The design of the Nanoenvi ® MOTE devices, completely developed by ENVIRA, guarantees the highest levels of safety and reliability and that they can be tailored according to the monitoring needs of each client. They are low-consumption devices that can be powered, if necessary, by small solar panels.
Features
Enclosure/Power
The Nanoenvi motes (remote sensors) are made of ASA Luran, a very light and resistant plastic compound that, together with the thermo-sealing with Elastosyl rubber and silicon, provides them with an IP67 protection level. This ensures their correct performance in the most aggressive surroundings. Due to their resistance, compact design and capacity to perform autonomously (with solar panels), the sensorics can be installed anywhere.
Sensorics/Electronics
The Nanoenvi MOTE equipment can control and monitor several combinations of inlets, both analogical and digital, from sensors or industrial equipment (through the most usual field buses).
Communications/IoT
The Nanoenvi motes have different connectivity configurations, which ensures their integration in any IoT communication network by means of the usual M2M protocols: WiFi, 3G, Ethernet, 6lowpan, LoRa®, Bluetooth, XBee®/ZigBee®, etc. The Nanoenvi motes are plug’n’play devices and include, in all versions, the standard programming needed to integrate them in the IoT platform chosen by the client -public product or owner- by means of standard protocols such as CoAP, REST or MQTT. In the case of owner platforms or with a specific configuration, the client must provide the connectivity specifications required.
Software/Electronics
Notwithstanding the technical limits imposed by their reduced consumption, the Nanoenvi motes have enough capacity to fulfill the most usual Edge operations: signal additions, filters, smoothings, pre-processing information, threshold assessment (to detect alert events), etc. The internal buffering system and the different sampling and communication policies that can be implemented allow the Nanoenvi motes to keep taking measurements even when connectivity has been cut off.
Product Features
Watering monitors in green areas and golf courses:
As water resources are scarce and there are many regulations for minimizing water consumption, the effective control of watering levels in green areas and golf courses has become very important. Our solution to monitor soil humidity provides managers with valuable information to decide whether watering is necessary or not. The information is wirelessly sent to a local server or to the cloud, so that data can be available for any connected device.
Flood alert system:
Flood alert systems near rivers, reservoirs or other water courses provide critical information to protect people and properties. Our system of sensors at the level of the water flow uses cutting-edge ultrasonic technology. 3G mobile phone communications and the power from batteries and solar panels make this solution an autonomous and reliable one to detect possible floods and their importance.
Machine connectivity for industry 4.0:
Many machines with old designs lack the possibilities for communication that industry 4.0 technologies provide.The digital transformation offered by Industry 4.0 has allowed manufacturers to create digital twins that are virtual replicas of processes, production lines, factories and supply chains. A digital twin is created by pulling data from IoT sensors, devices, PLCs and other objects connected to the internet.
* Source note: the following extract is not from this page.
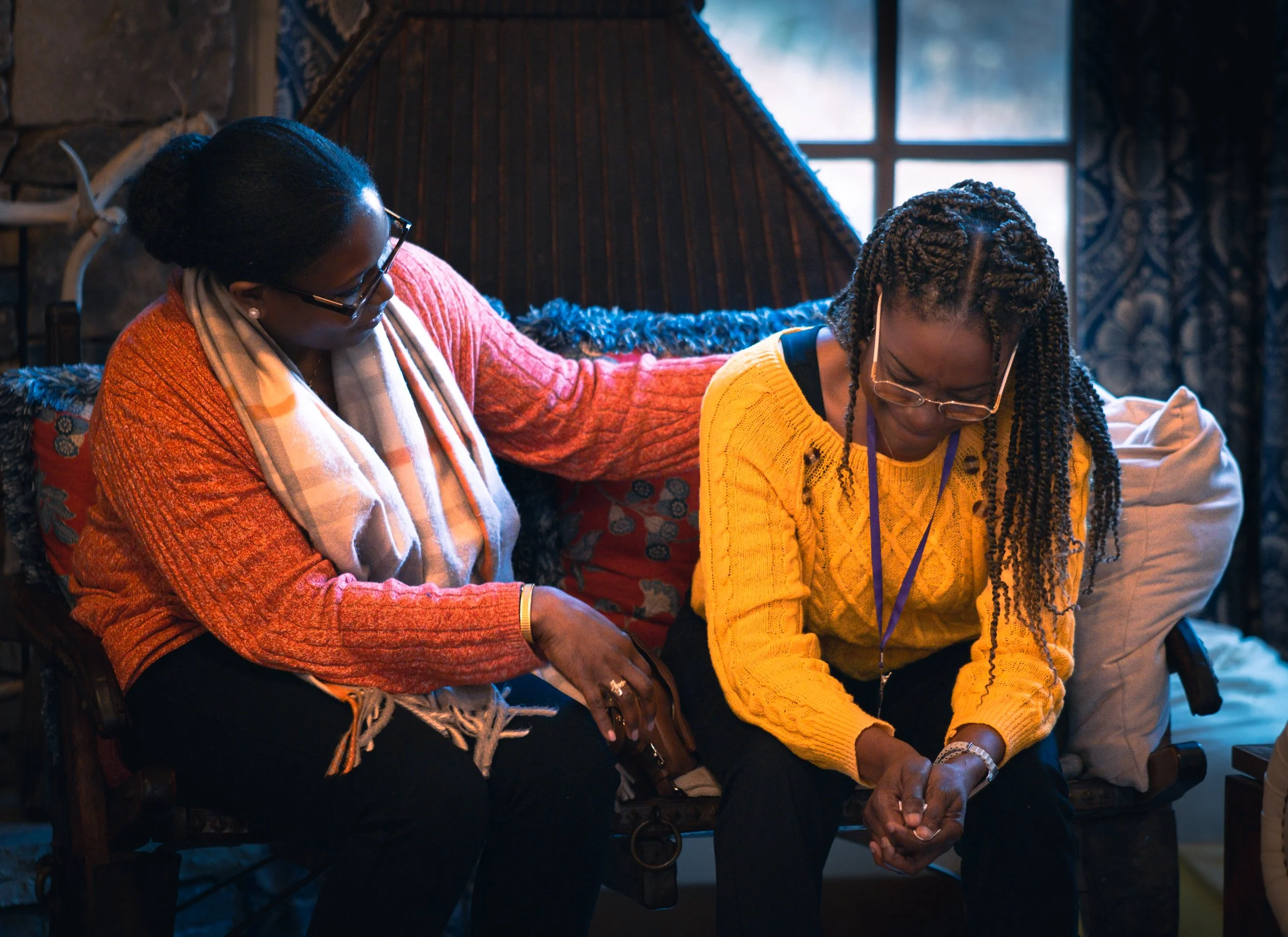 black therapist in atlanta comforting client during therapy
Monitoring building structural health:
Structural health monitoring (SHM) provides a useful tool for ensuring integrity and safety, detecting the evolution of damage, and estimating performance deterioration of civil infrastructures.Buildings, bridges and other structures are likely to be damaged by natural phenomena, building works nearby, floods or simply by the passing of time or the decay of the materials. Our devices can monitor several parameters of the structure and to prevent damage that entails expensive repairs and risks for people.Structural health monitoring (SHM) system is a method of evaluating and monitoring structural health.